Burden of being a Star
"I know if I sell two million people will say I fell off, but it’s not about that. Everyone’s gonna say that, but I’m gonna keep it the realest wit’ you. This is a different time." But see, Shawn Carter knows his history, and so he knows he ain’t worried. Reasonable Doubt: a debut classic; In My Lifetime Vol 1; a platinum tribute to a lost friend; Streets Is Watching: nothing but ghetto-posse glam; the cameo verses on other artist’s joints, the Bleek album, the tour, the incessant cries of Jigga, my nigga, last summer’s "Big Pimpin, and this years "Guilty intil proven innocent." He says "It’s about to get ugly" on "Do It Again," but the truth is it’s been ugly for a minute for this Rolex-wearing, Jersey penthouse-having, New York magazine, masters-owning label head.
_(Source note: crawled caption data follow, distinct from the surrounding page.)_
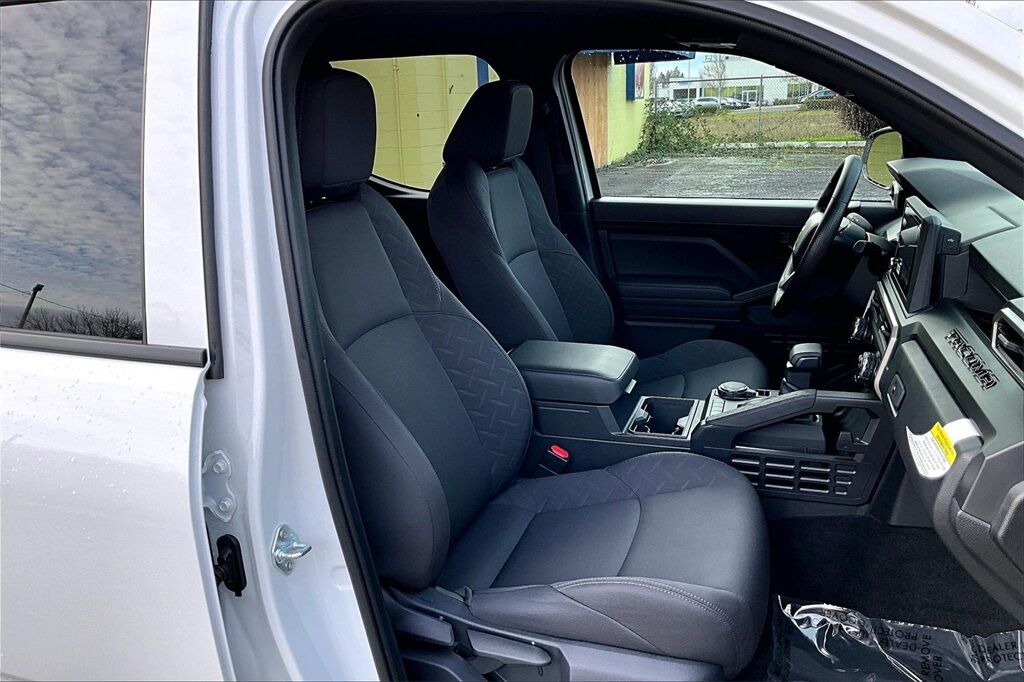 2025 Toyota Tacoma SR OR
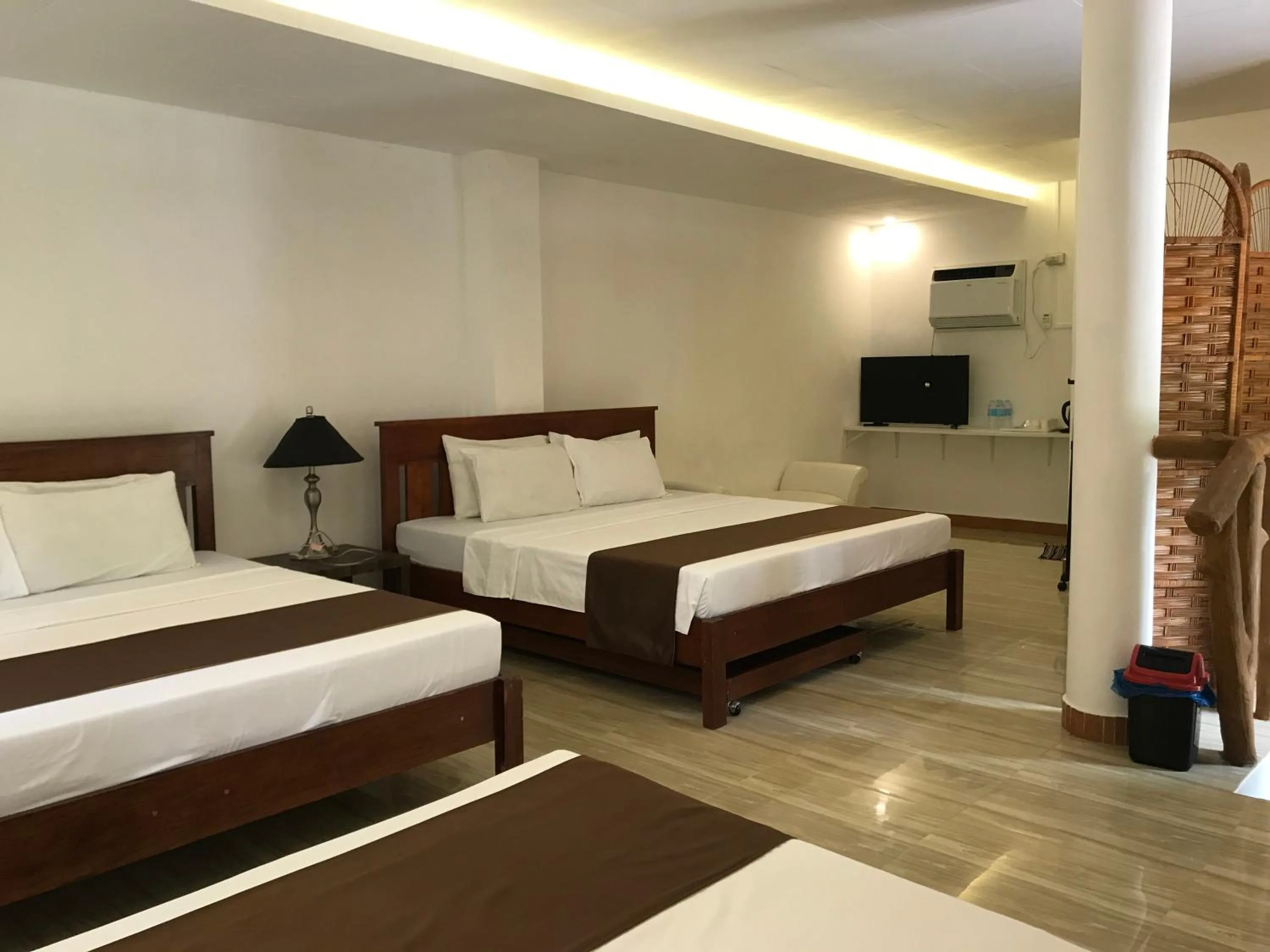 Bedroom, Bed in Santander Pebble Beach Resort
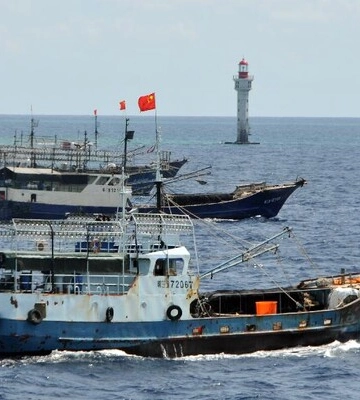 Корабль ВМС Китая вошел в территориальные воды Японии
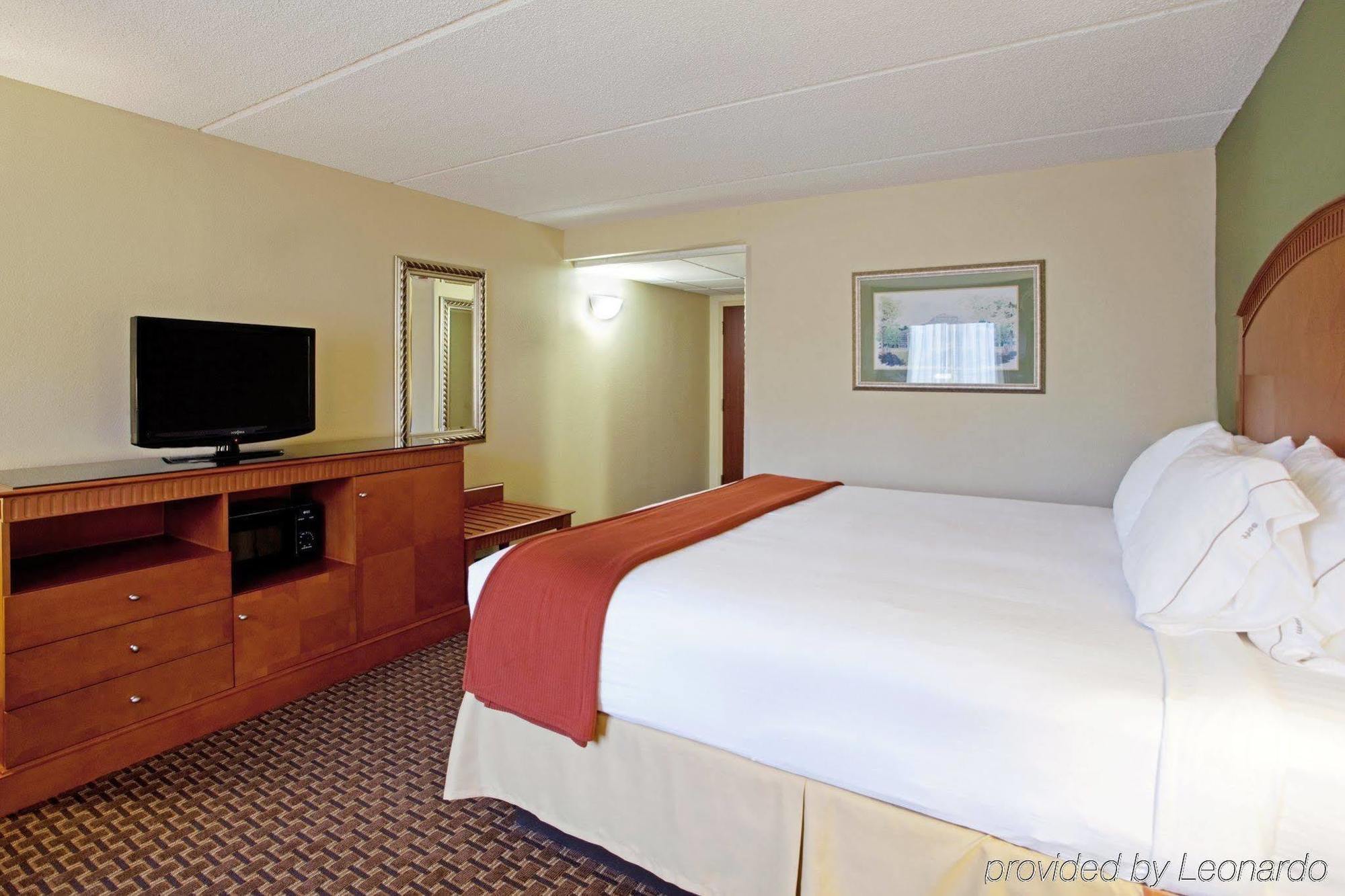 Holiday Inn Express & Suites Charlotte Arpt-Belmont By Ihg Стая снимка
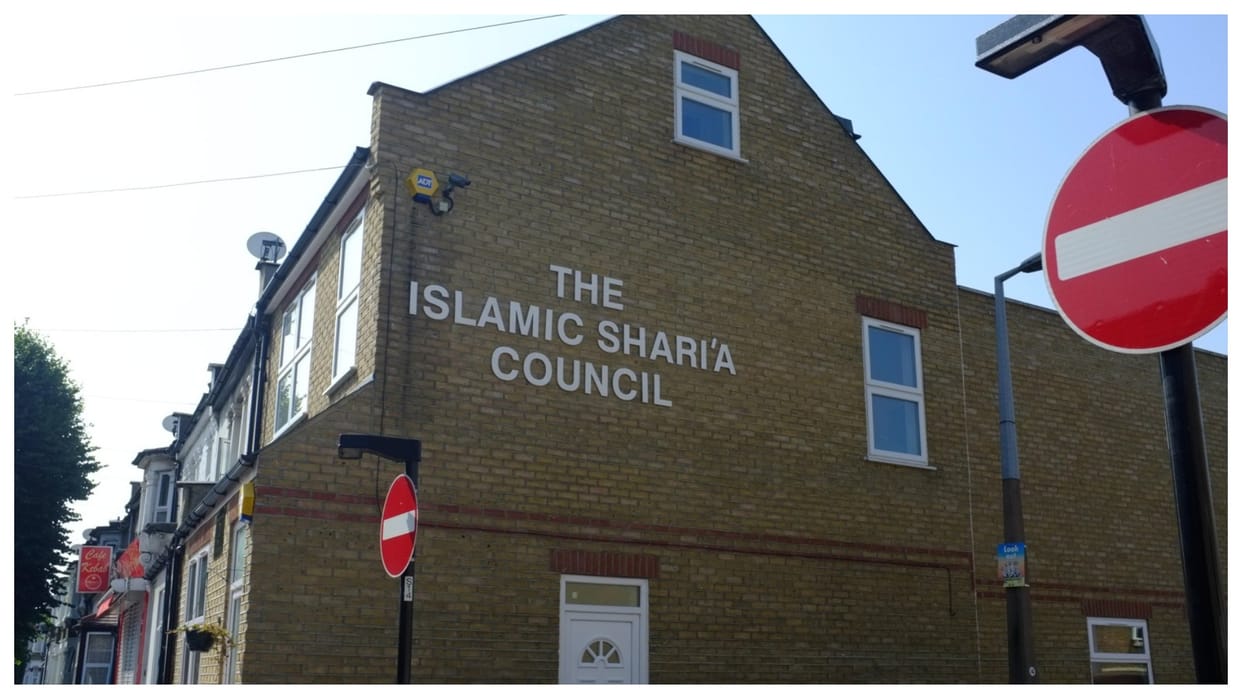 us Texas governor announces ban on Sharia law urges reporting of compliance attempts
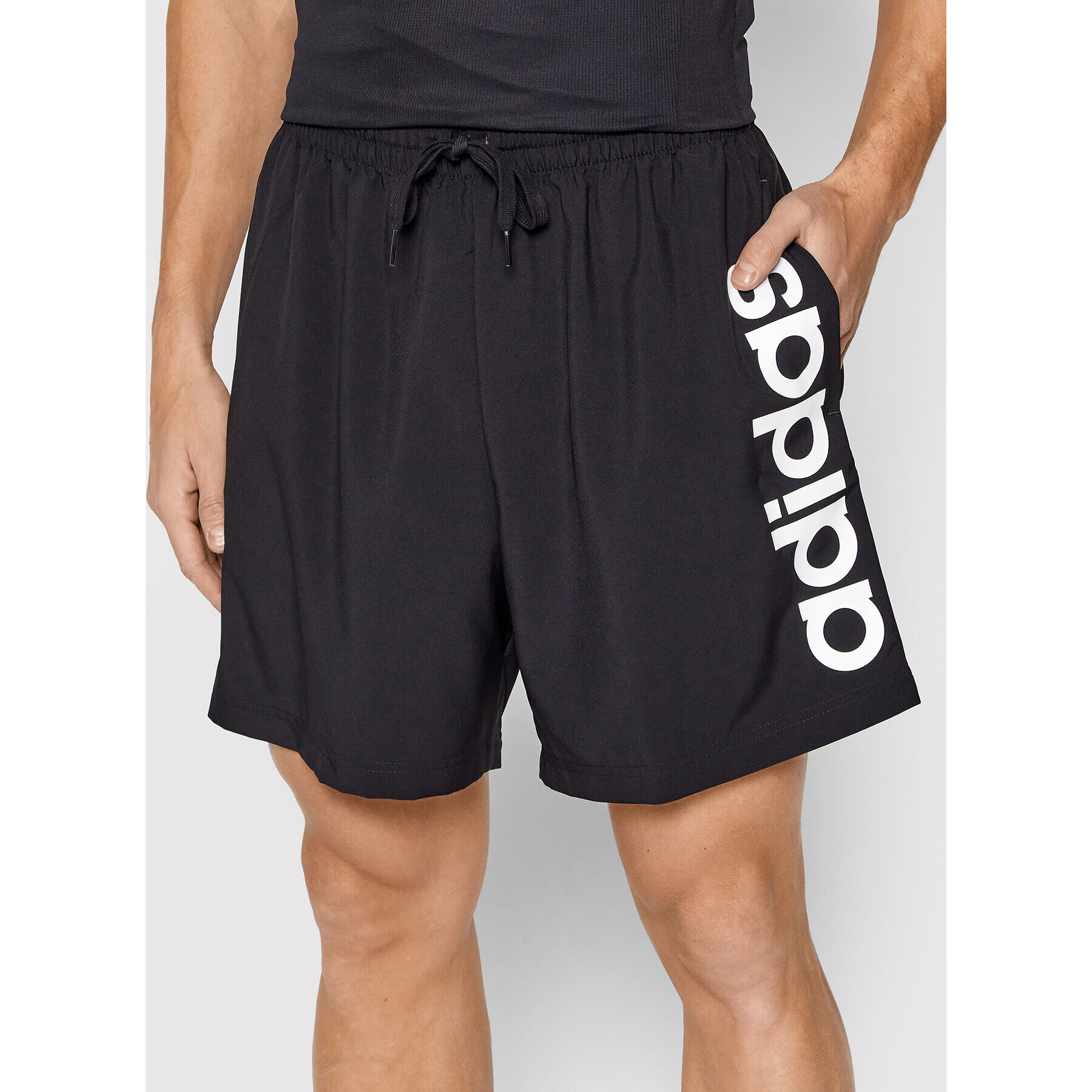 adidas Pantaloni scurți sport Aeroready Essentials Chelsea GK9607 Negru Regular Fit - Pled.ro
And he still got love for the music. "Big Pimpin’ " spotlights the duo known as UGK, two southern captains of those accelerated flows and spit-fire lyrics best friend Jaz and Jay used to experiment with when they were kids. So does this man need a bio at all? "Nah," he says. As long as he keeps hitting them out of the park like Ken Griffey… If you don’t know, now you know. The best who ever did it begins our new millennium. Rocla Famila. Listen, bounce, then buy the tape. Twice.
Rich with vivid imagery, mercurial flow, and lyrical finesse, each of his albums is a stunning example of Jay-Z's diverse artistic range and creative growth. The album may be called Volume 2, 3 or dynasty, but Jay-Z's just begun. YA HEARD?! HOLLA BACK!